- The task
What should be copied is the stretch of entries below from the line with "Dettaglio del bordo" up to and including the line with "Multicolored short-sleeve top", exactly and without images.

- Material shown
***
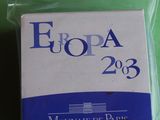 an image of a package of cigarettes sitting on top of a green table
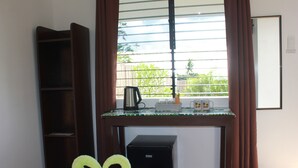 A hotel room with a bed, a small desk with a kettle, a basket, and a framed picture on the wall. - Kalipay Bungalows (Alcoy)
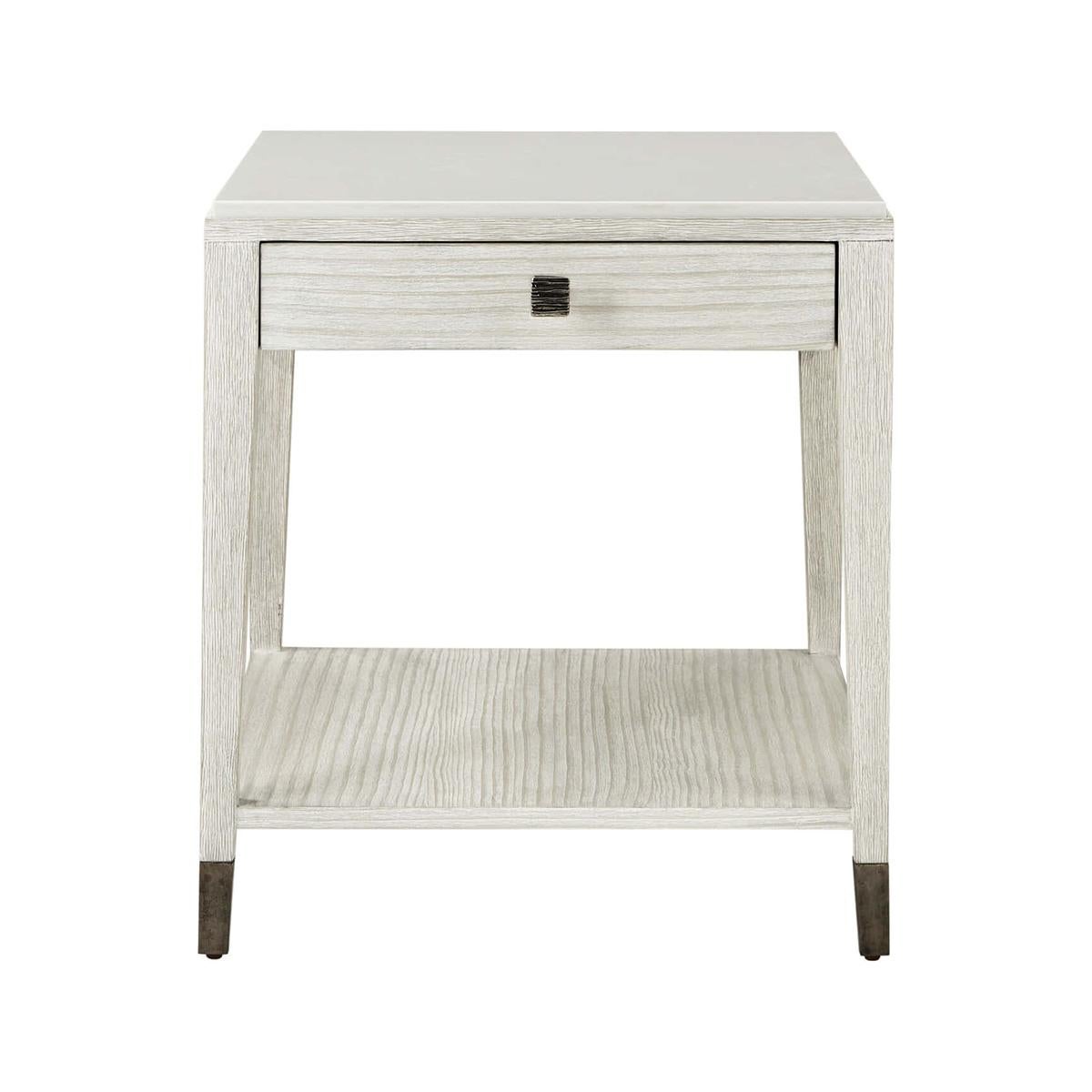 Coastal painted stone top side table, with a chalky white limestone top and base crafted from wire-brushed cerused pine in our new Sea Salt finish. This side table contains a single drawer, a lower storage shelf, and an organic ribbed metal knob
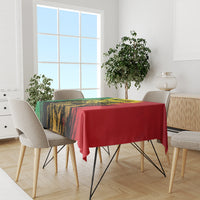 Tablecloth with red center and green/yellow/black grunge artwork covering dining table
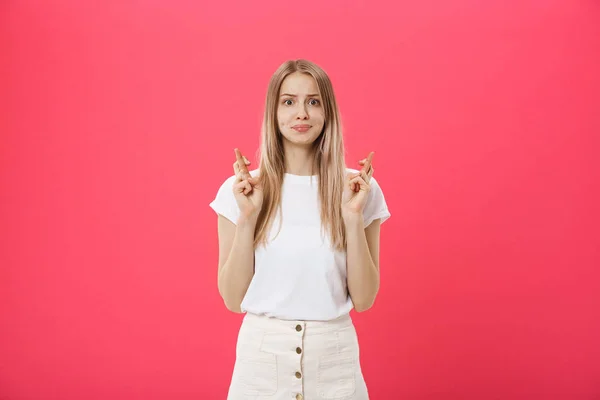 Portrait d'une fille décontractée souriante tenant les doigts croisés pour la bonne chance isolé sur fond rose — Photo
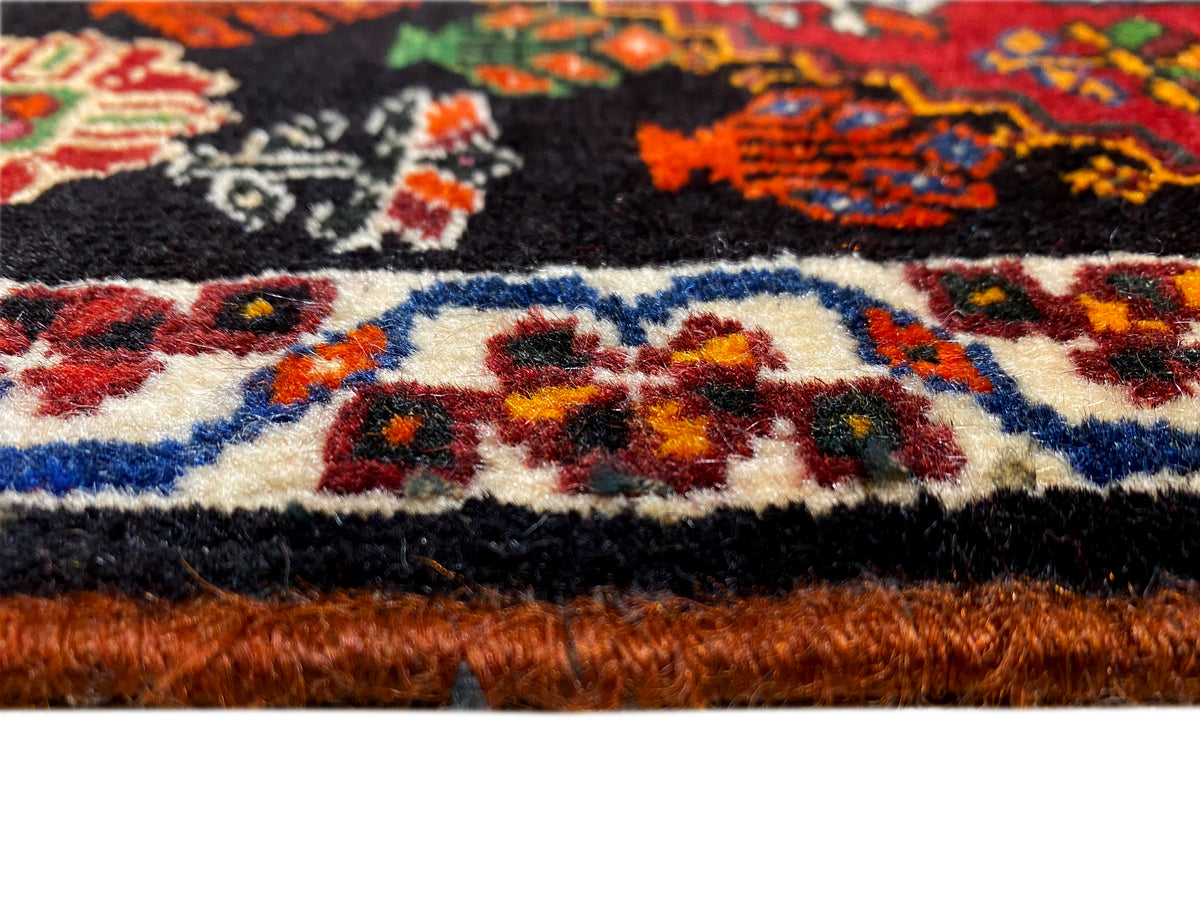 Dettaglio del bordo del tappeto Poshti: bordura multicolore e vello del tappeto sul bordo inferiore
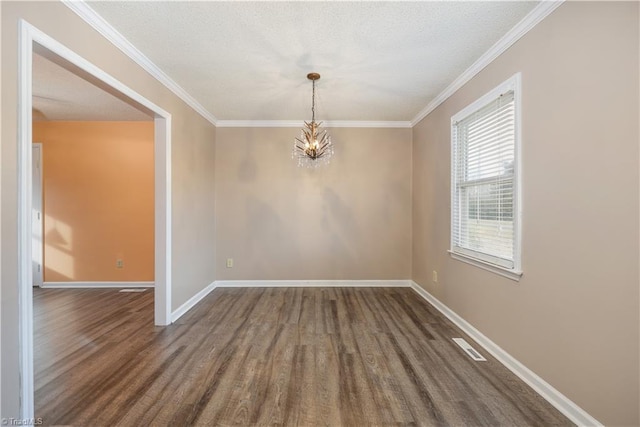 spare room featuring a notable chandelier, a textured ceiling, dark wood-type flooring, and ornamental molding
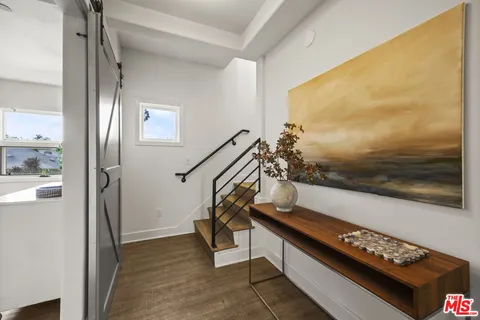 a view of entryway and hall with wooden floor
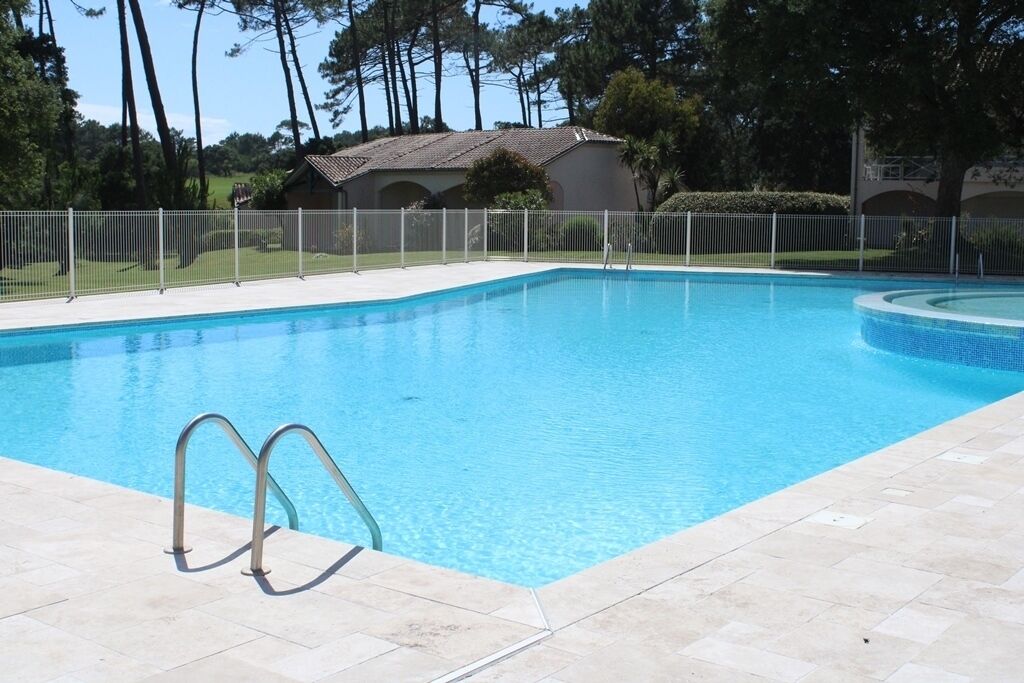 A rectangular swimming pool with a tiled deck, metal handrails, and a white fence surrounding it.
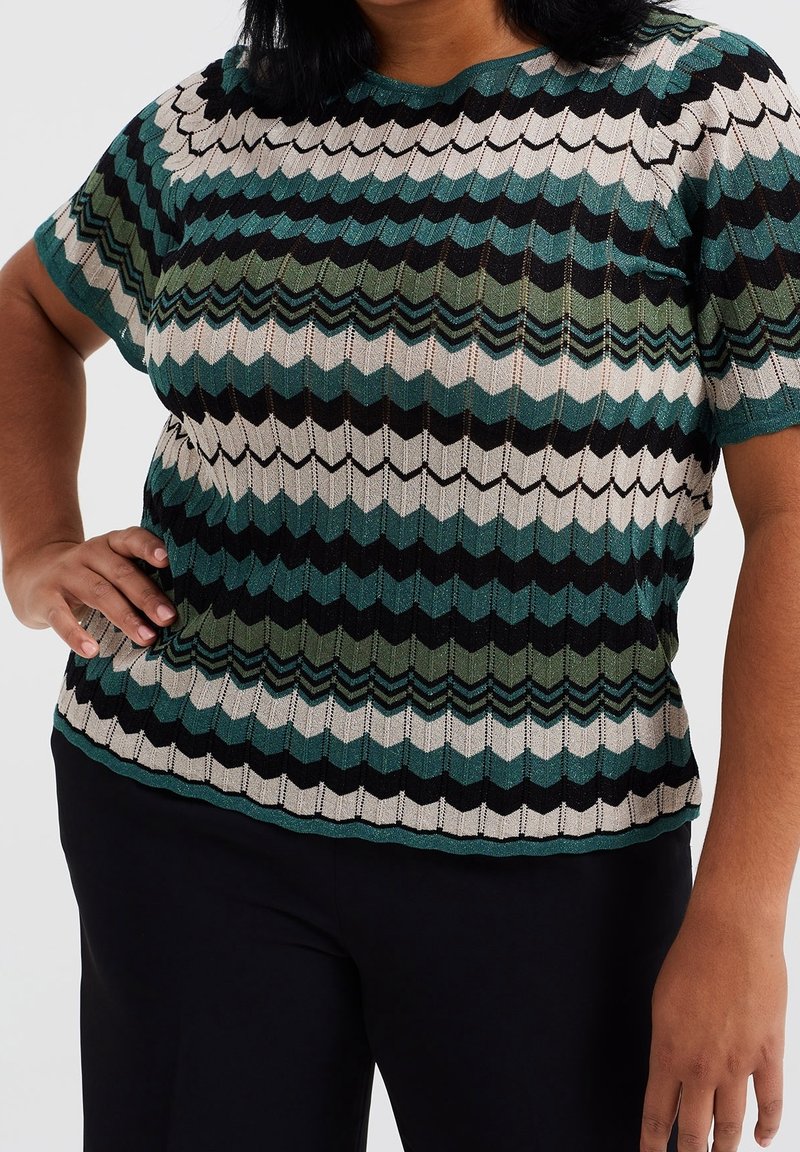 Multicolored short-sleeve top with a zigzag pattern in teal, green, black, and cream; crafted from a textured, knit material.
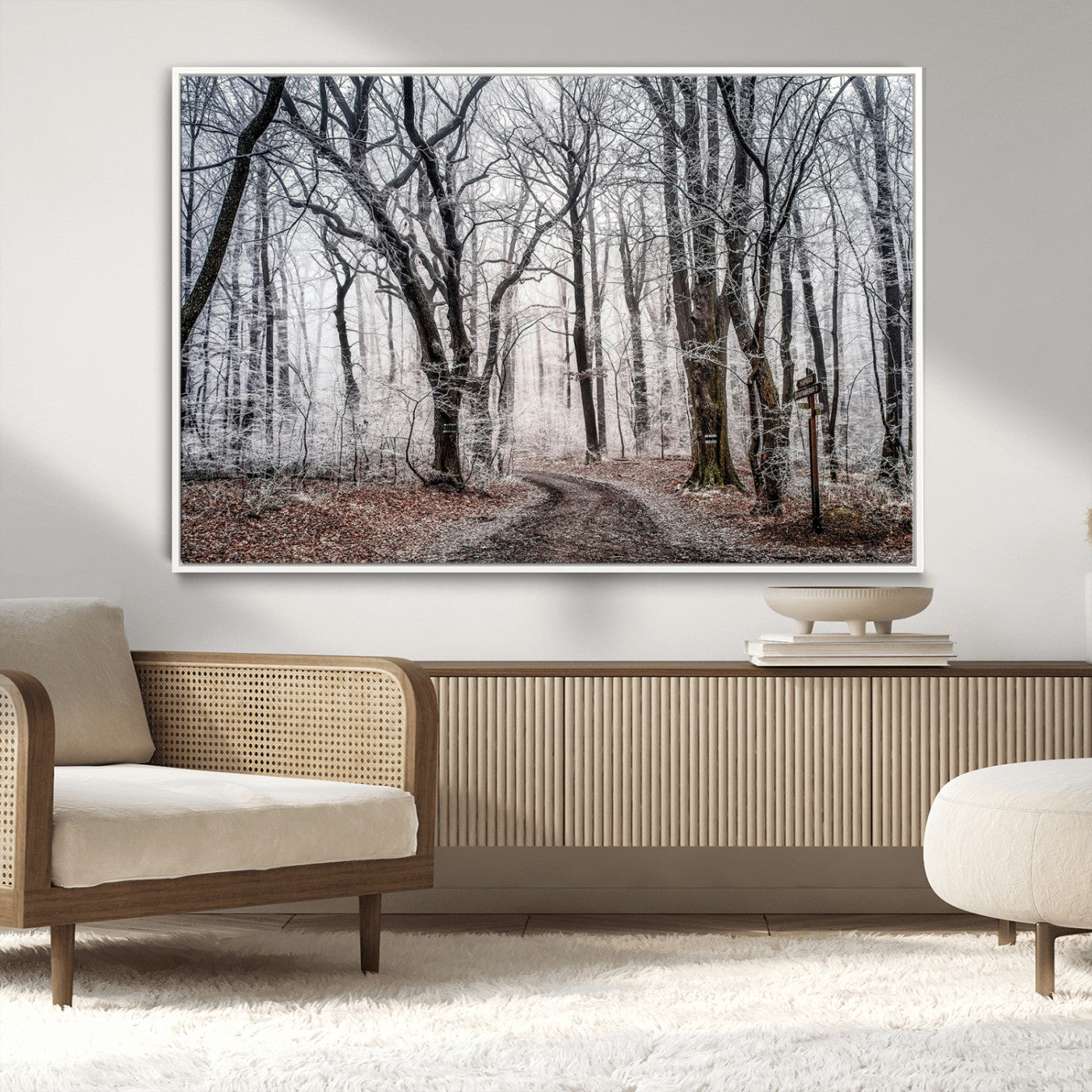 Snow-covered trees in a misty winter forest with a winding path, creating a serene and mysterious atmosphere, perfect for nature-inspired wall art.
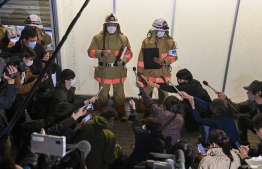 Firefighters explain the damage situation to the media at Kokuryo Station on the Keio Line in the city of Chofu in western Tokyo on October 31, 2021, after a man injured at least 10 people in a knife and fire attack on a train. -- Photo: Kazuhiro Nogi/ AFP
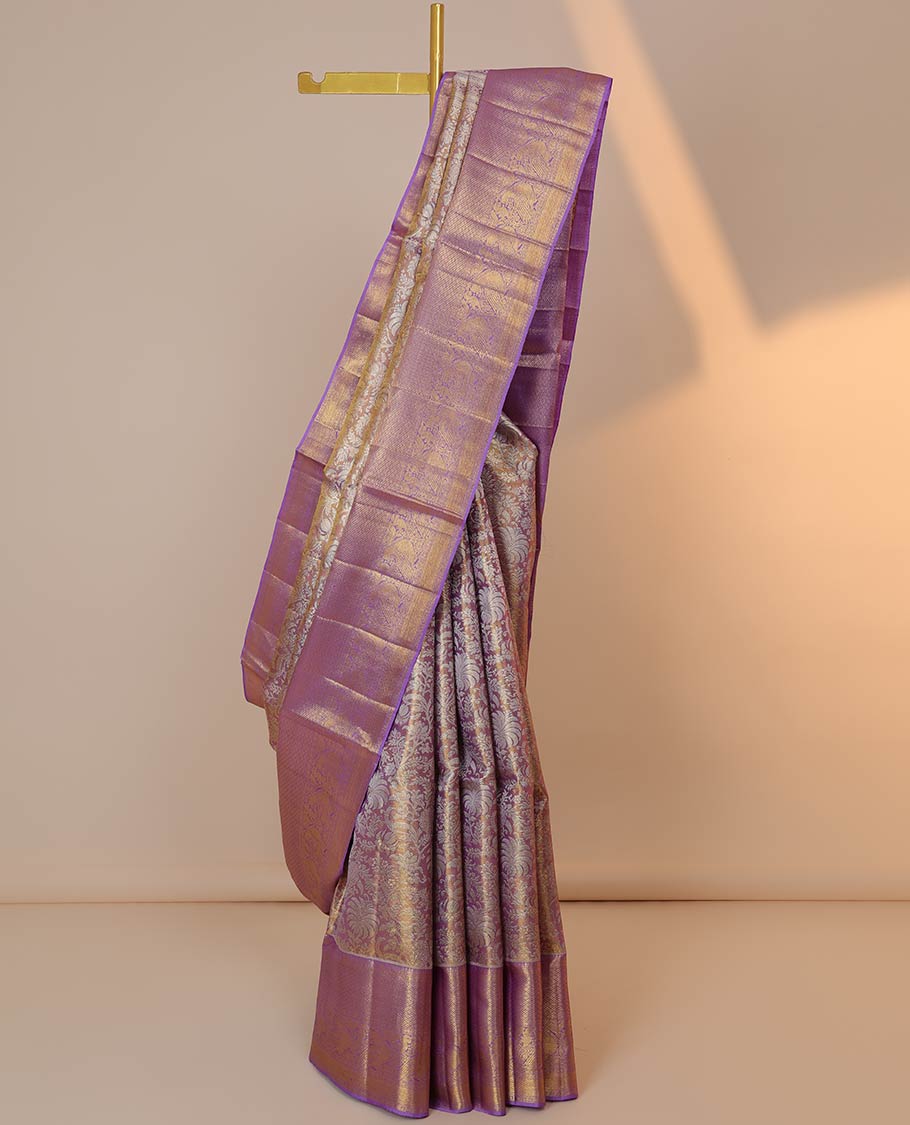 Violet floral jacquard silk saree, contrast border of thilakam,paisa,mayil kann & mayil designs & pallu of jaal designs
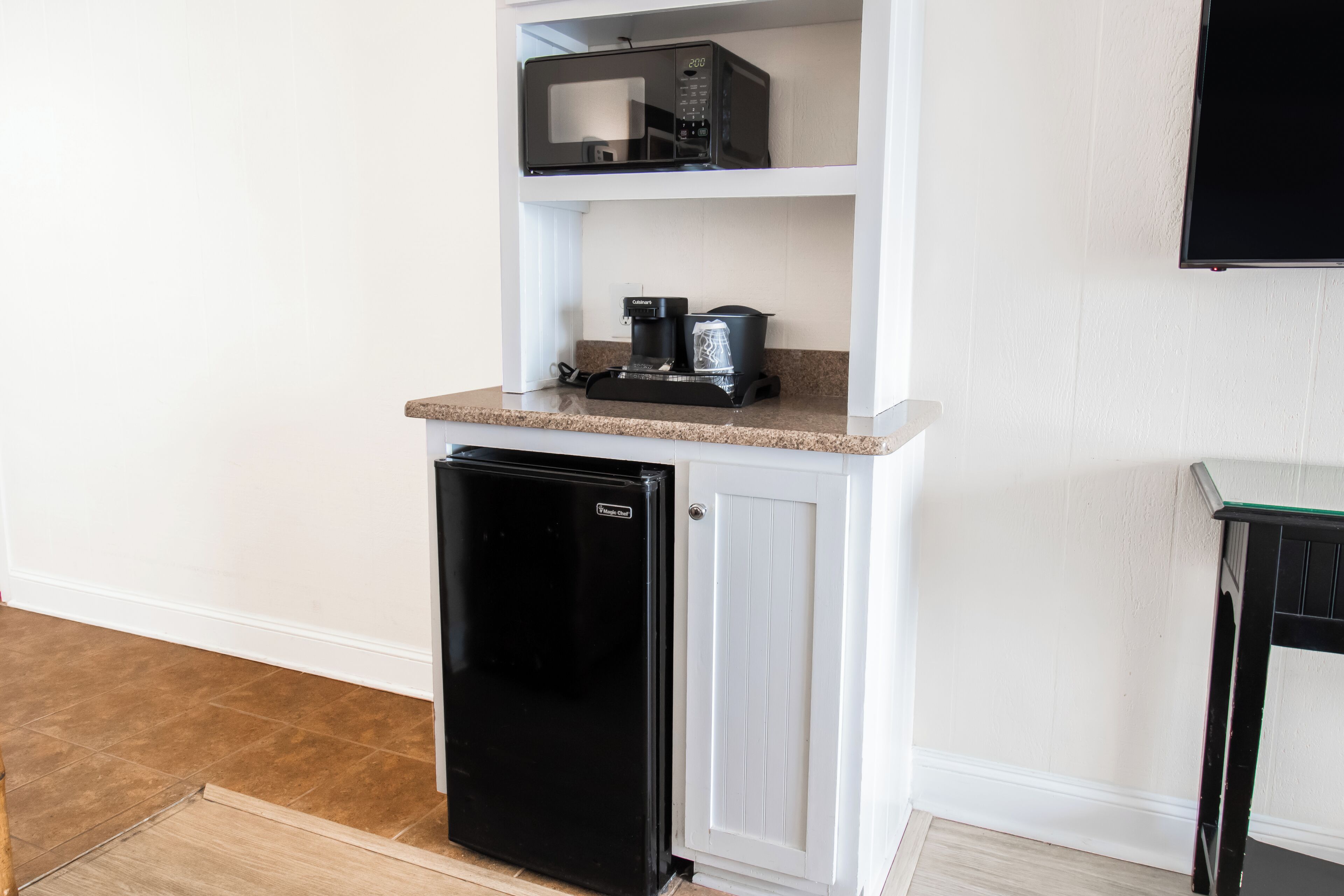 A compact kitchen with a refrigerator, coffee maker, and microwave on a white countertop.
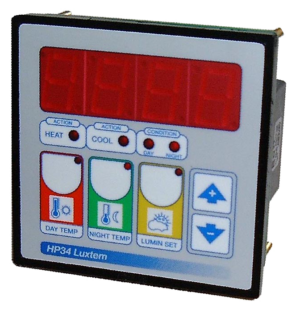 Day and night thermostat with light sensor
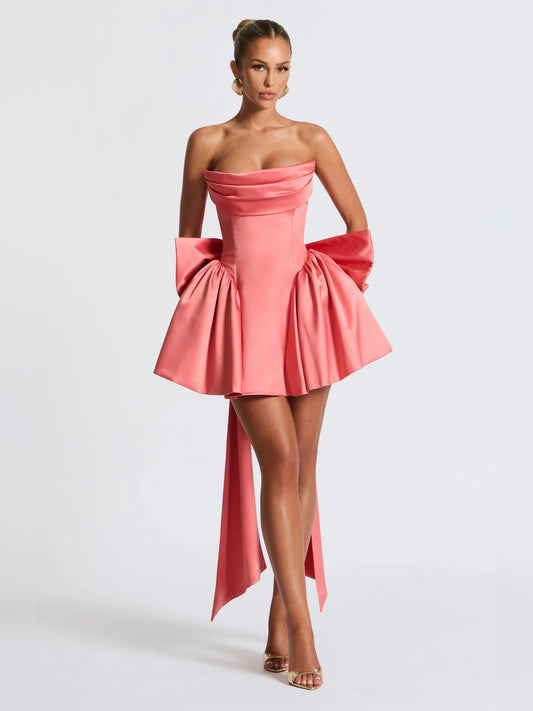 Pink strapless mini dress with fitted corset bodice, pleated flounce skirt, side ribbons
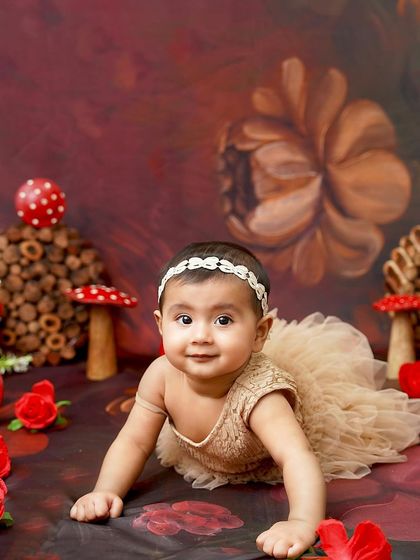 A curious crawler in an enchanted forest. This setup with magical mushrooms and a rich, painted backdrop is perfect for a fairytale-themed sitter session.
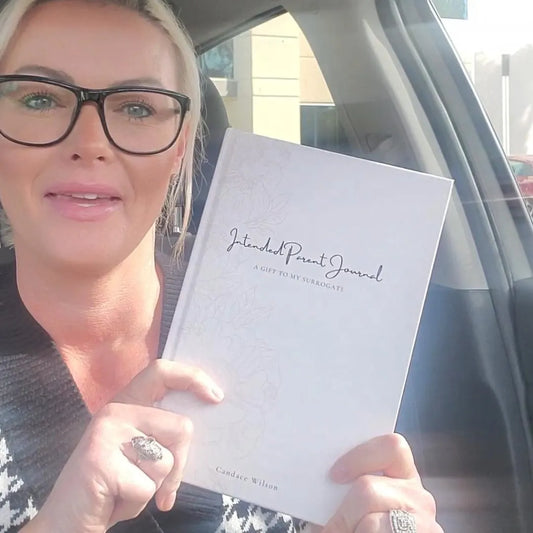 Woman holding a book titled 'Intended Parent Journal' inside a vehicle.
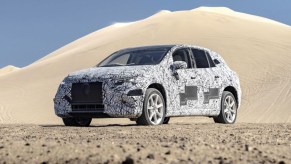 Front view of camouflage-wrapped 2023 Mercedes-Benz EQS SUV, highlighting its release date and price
***
- Exercise response
 Dettaglio del bordo del tappeto Poshti: bordura multicolore e vello del tappeto sul bordo inferiore
 spare room featuring a notable chandelier, a textured ceiling, dark wood-type flooring, and ornamental molding
 a view of entryway and hall with wooden floor
 A rectangular swimming pool with a tiled deck, metal handrails, and a white fence surrounding it.
 Multicolored short-sleeve top with a zigzag pattern in teal, green, black, and cream; crafted from a textured, knit material.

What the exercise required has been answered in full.